Tangent-Secant Theorem (Euclid Book III, Proposition 36)
Proposition 36 from Euclid Volume III used to appear in the geometry part of the South African High School Curriculum more or less until the mid 1980's.
It is often called the 'tangent-secant' theorem & can be stated more simply than Euclid's version as follows: If a tangent segment CD and a secant segment CA are drawn to a circle from an external point, then the square of the measure of the tangent segment CD is equal to the product of the secant segment CA and its external portion CB. Specifically, CD2 = CB x CA.
Converse of Tangent-Secant Theorem
Apparently less well-known is that one can formulate an interesting & useful converse to this theorem as shown in the dynamic sketch below:
1) Given an arbitrary segment AC with an arbitrary point B on it.
2) Note that the measurements of AC and BC are given.
3) Next construct CD = √(AC x BC) by clicking on the 'Show Calculations' button.
4) Next click on the 'Show Circumcircle ABD' button.
5) What do you notice? Check your conclusion thoroughly by dragging.
6) Formulate your conjecture from 5) above.
Converse of Tangent-Secant Theorem
Challenge
7) Can you explain why (prove that) Euclid III, prop. 37, and its converse, is true?
8) Can you explain/prove them in more than one way?

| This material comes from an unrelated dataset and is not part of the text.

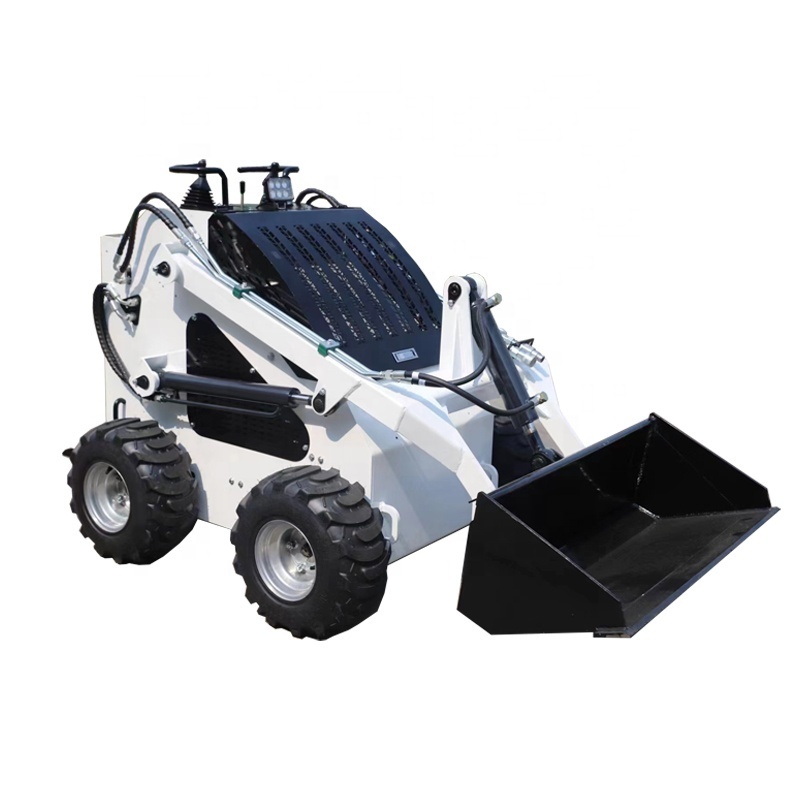 Hot sale skid steer loader machine auger bucket lawn mower snow plow with factory price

Hint: Try using similarity. Alternatively, a proof of Euclid III, prop. 36 is given at the bottom of this webpage at the University of Georgia, Athens: proof (click link).
Application
This theorem and its converse has several useful applications in solving various different kinds of geometry problems. The so-called 'three squares' problem is just one such example:
Given three squares attached in a row as shown above, with the three diagonals drawn, prove that α + β + θ = 90°.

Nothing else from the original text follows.